Sutro Tower gets first full repaint in 30 years, lead removal continues
The black boxes climbing Sutro Tower are part of a 30-year repaint and lead cleanup that could run until 2028, with broadcast and public-safety signals at stake.
Sutro Tower’s black, boxlike equipment has been creeping up the legs of San Francisco’s most recognizable landmark for months, but the devices are not a light show or an art installation. They are part of a long, technical restoration meant to strip away the tower’s original lead paint, replace aging exterior materials and give the 977-foot broadcast structure its first full repaint in 30 years.
The work matters far beyond appearance. Sutro Tower, which began serving the Bay Area in 1973, still carries television and radio signals and public-safety communications across a city that once struggled with poor reception because of its hills. Raul Velez, Sutro Tower Inc.’s vice president and chief operating officer, said the goal is to restore the tower’s signature colors while protecting the structure from weather and handling the hazardous coating carefully.
Built on Mount Sutro and designed by A.C. Martin & Associates with engineer Furman L. Anderson Jr. of Kline Iron & Steel’s tower division, the three-legged steel tower was engineered to withstand strong seismic forces.

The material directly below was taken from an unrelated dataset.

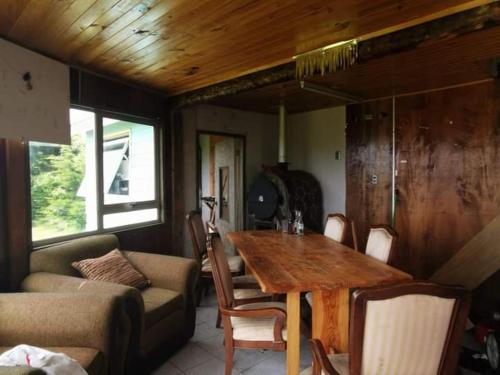 sala de estar con mesa de madera y sofá en CASA CON QUINCHO, en Ancud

It went on air on July 4, 1973, converted to all-digital transmissions in 2009 and remained San Francisco’s tallest structure until Salesforce Tower surpassed it in 2017.

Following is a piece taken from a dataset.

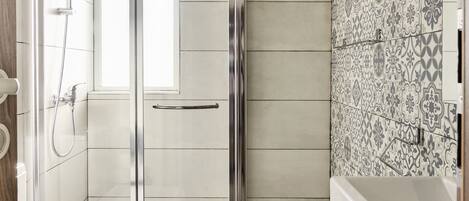 A modern bathroom with a glass-enclosed shower, a white toilet, and a patterned tile backsplash.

The repaint is only one part of the job. Sutro Tower, Inc. held a community meeting on Feb. 12, 2025, tied to Building Permit Application No. 2024.0118.4187 and Planning Project Application No. 2024-004085PRJ, which covered replacement of corrugated steel panels on the exterior faces of the horizontal trusses at the second, third and fourth levels. That means crews are dealing with cladding and structural surfaces, not just fresh coats of paint.

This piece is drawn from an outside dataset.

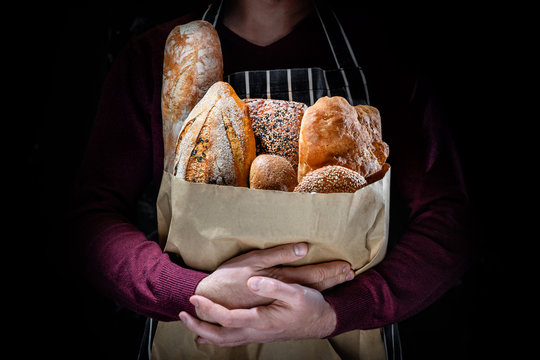 A man in an apron holds many kinds of freshly baked bread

Lead removal is the most sensitive part of the project. San Francisco treats lead disturbance as a serious health risk, and city guidance says buildings built before 1979 are presumed to contain lead-based paint unless proven otherwise. When disturbed, that paint can release harmful dust, which is why containment, lead-safe practices and neighbor notification are standard parts of the city’s approach.
For many San Franciscans, Sutro Tower is part of the daily skyline from Twin Peaks to the western neighborhoods, and it has become a visual shorthand for home. Docomomo US describes the tower as a structure that was once maligned as an eyesore but became a beloved city icon, a status reinforced in neighborhood classrooms and family traditions. In one Glen Park Elementary classroom tradition, students paint the tower, a reminder of how deeply the structure is tied to local identity. As one teacher put it, “When you see Sutro Tower, you always know that you’re home.”